Si usa dire che il futuro sia già qui. In effetti il mondo descritto da Asimov sembra sempre meno lontano, soprattutto ora che l'intelligenza artificiale si sta diffondendo a velocità esorbitante attorno a noi e le macchine stanno lentamente prendendosi il loro posto nella società. Automobili intelligenti, smartphone che prevedono ogni mossa e sanno accontentare anche il più minimo desiderio. Per alcuni, questo è il paradiso. Per altri invece, questa situazione sta diventando un incubo. Come per un operaio sessantunenne di origini marocchine e con una grave disabilità, che si è visto mandare a casa dall’azienda in cui lavorava da oltre trent’anni perché il suo posto di lavoro era stato occupato da una macchina.
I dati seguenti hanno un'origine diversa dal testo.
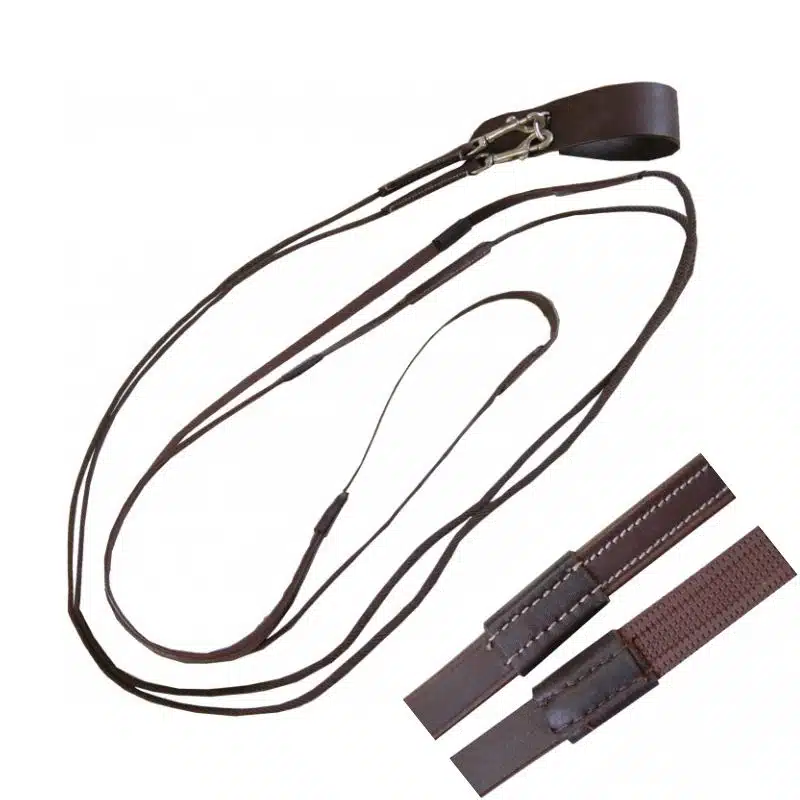 Rênes allemandes cuir cordes doublées caoutchouc hunter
Quando il progresso vince sull'uomo
La ‘Paint Cap Applicator' è la ragione data dalla Grief Italia S.P.A, una succursale italiana di una grande multinazionale con sede a Melzo, in provincia di Milano, per cui la presenza dell’operaio sarebbe totalmente un più non richiesto. Essa infatti svolgerebbe il medesimo impiego dell'uomo, cioè il posizionamento di tappi provvisori su contenitori appena usciti dalla macchina di produzione, prima che essi vengano verniciati ed ultimati. Con l'invenzione di questo marchingegno, la vita professionale del sessantunenne viene spazzata via. Reso completamente inutile all'azienda per una macchina. La ricerca del lavoro era già diventato un problema grave a causa della grande competizione tra uomini.
Il progresso questa volta non sembra dalla parte dell'essere umano. Questo destino non è infatti toccato solo all’impiegato marocchino, ma anche a molto altri che ormai da anni si vedono soppiantati in nome del progresso. Naturale è chiedersi se può esistere un ‘progresso' senza l'uomo.
I tentativi del sessantunenne
Questa è senza alcun dubbio la domanda che si pone l’operaio, che sta facendo di tutto per cambiare la sua situazione.
Anche i sindacati non paiono però riuscire a trovare un accordo, nonostante l'età avanzata dell'uomo, prossimo alla pensione e con una grave disabilità (nel 1991 ha infatti perso disgraziatamente una mano). Tutti fattori che di fatto gli rendono ardua e lontana la possibilità di trovare un altro lavoro. La sua vita era quell’umile impiego.
Secondo l’avvocato penalista Mirko Mazzali a cui la vittima si è rivolta, l’accaduto è oltremodo increscioso. Come si può, secondo lui, anche solo pensare di sostituire una persona vivente, soprattutto nelle sue condizioni, con una macchina appena inventata?